=== Data for the task ===

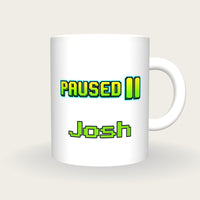 Personalised Paused Gamer Mug, front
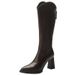 Over-the-Knee V-Cut Slimming For Women 2024 Autumn Winter New British Style High Heel Long With Fleece Lining Riding_vogvips.com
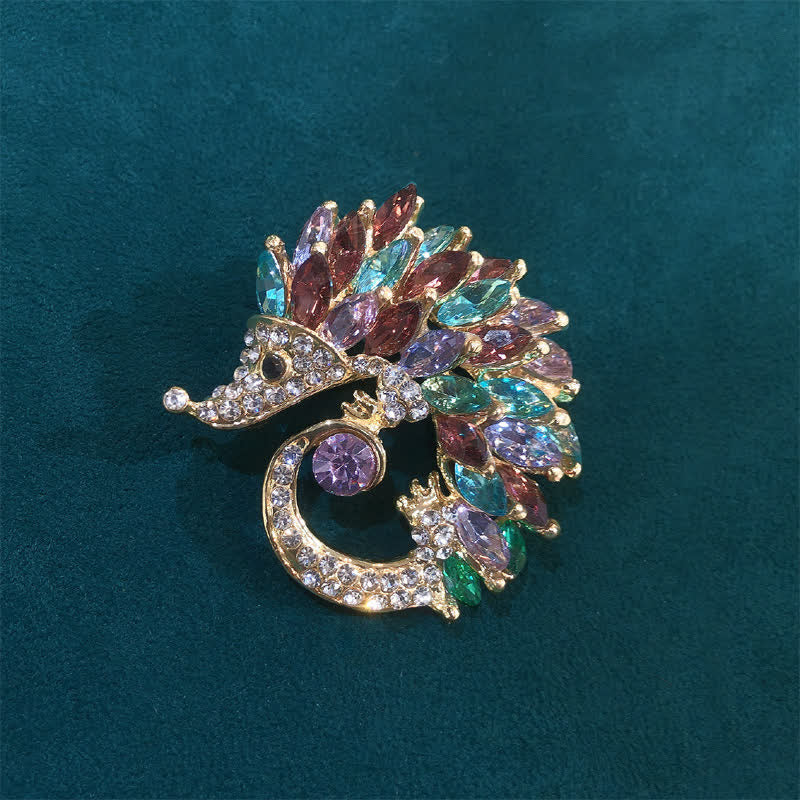 Multicolor Rhinestone Hedgehog Brooch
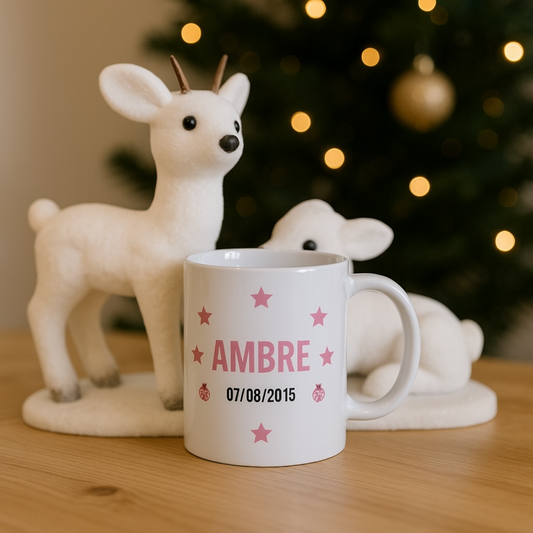 Mug Blanc personnalisé Prénom Date de naissance et petite fleurs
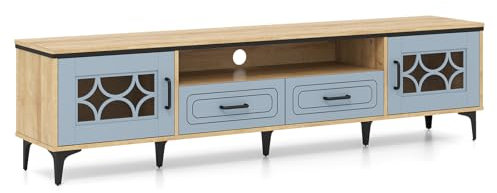 GIANTEX Mobile TV per TV fino a 80, supporto TV con scomparti aperti, armadi laterali e cassetti, 180,5 x 35 x 46 cm, porte con piano in PVC, per soggiorno, camera da letto (rovere+grigio)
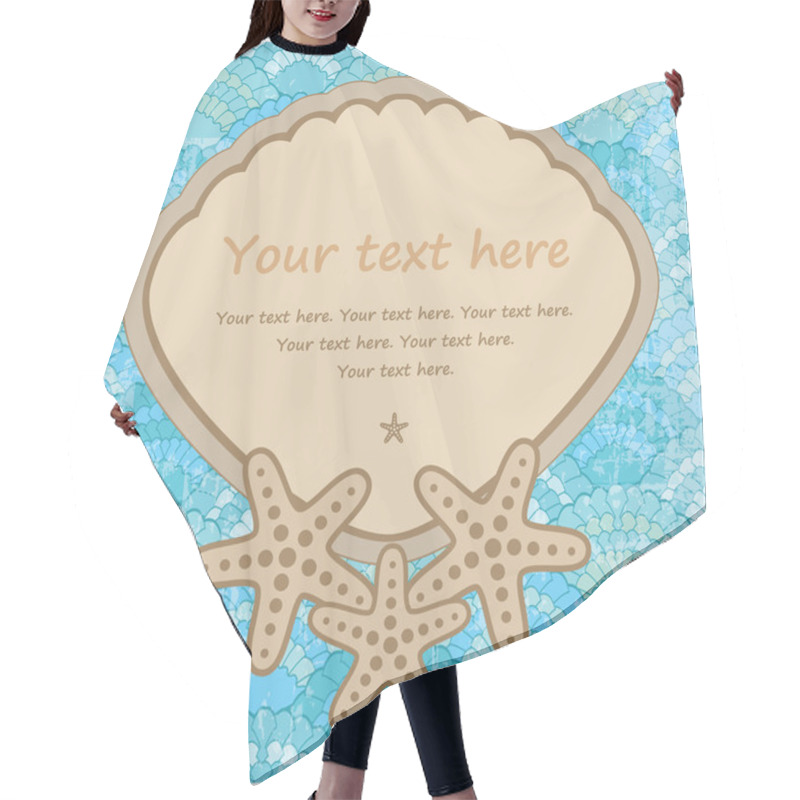 Personality  Marine Background With Starfish And Seashells Hair Cutting Cape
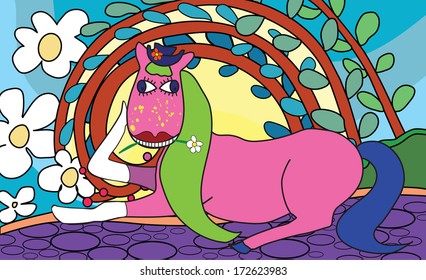 Toys on the hill. cartoon tools. tools in cartoon style vector illustration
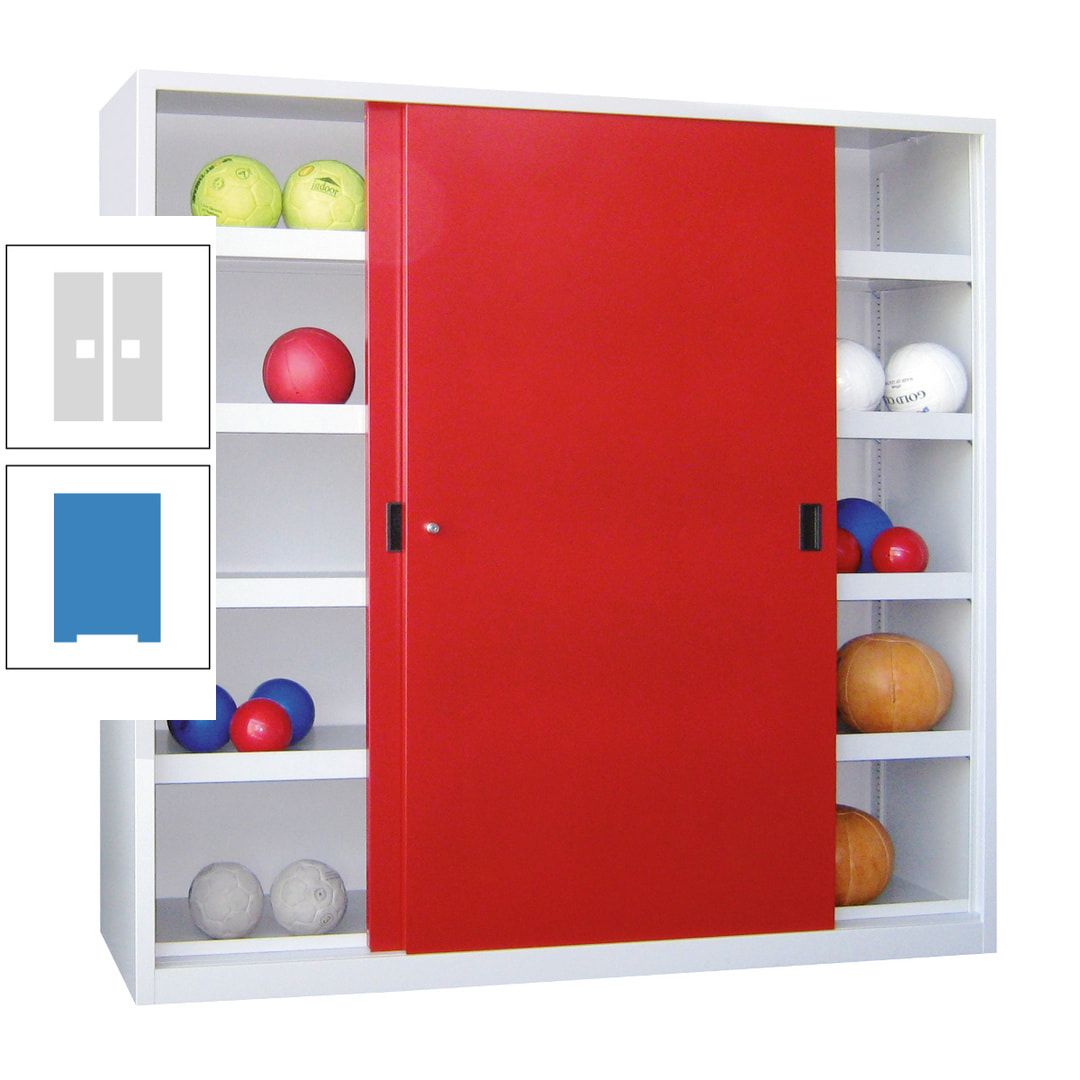 Ballschrank - Schiebetüren - Trennwand - 8 Böden - 1.950x1.500x600 mm (HxBxT) - anthrazitgrau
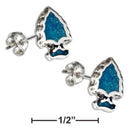 Silver Earrings STERLING SILVER SIMULATED TURQUOISE ARROW HEAD EARRINGS STAINLESS STEEL POSTS JadeMoghul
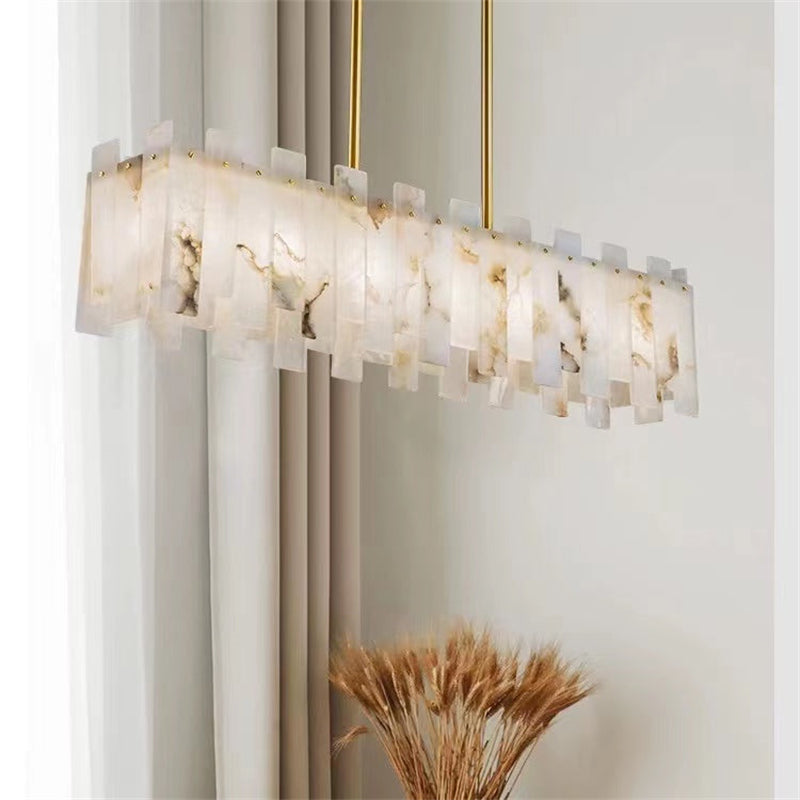 Modern Alabaster Linear Chandelier-chandeliers for dining room,chandeliers for stairways,chandeliers for foyer,chandeliers for bedrooms,chandeliers for kitchen,chandeliers for living room-Jecanoli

===

Assigned task –
Leaving out all pictures, set down exactly the lines of the material above, from the line with "Multicolor Rhinestone Hedgehog Brooch" to the line with "Hair Cutting Cape" inclusive, and no others.

The answer –
 Multicolor Rhinestone Hedgehog Brooch
 Mug Blanc personnalisé Prénom Date de naissance et petite fleurs
 GIANTEX Mobile TV per TV fino a 80, supporto TV con scomparti aperti, armadi laterali e cassetti, 180,5 x 35 x 46 cm, porte con piano in PVC, per soggiorno, camera da letto (rovere+grigio)
 Personality  Marine Background With Starfish And Seashells Hair Cutting Cape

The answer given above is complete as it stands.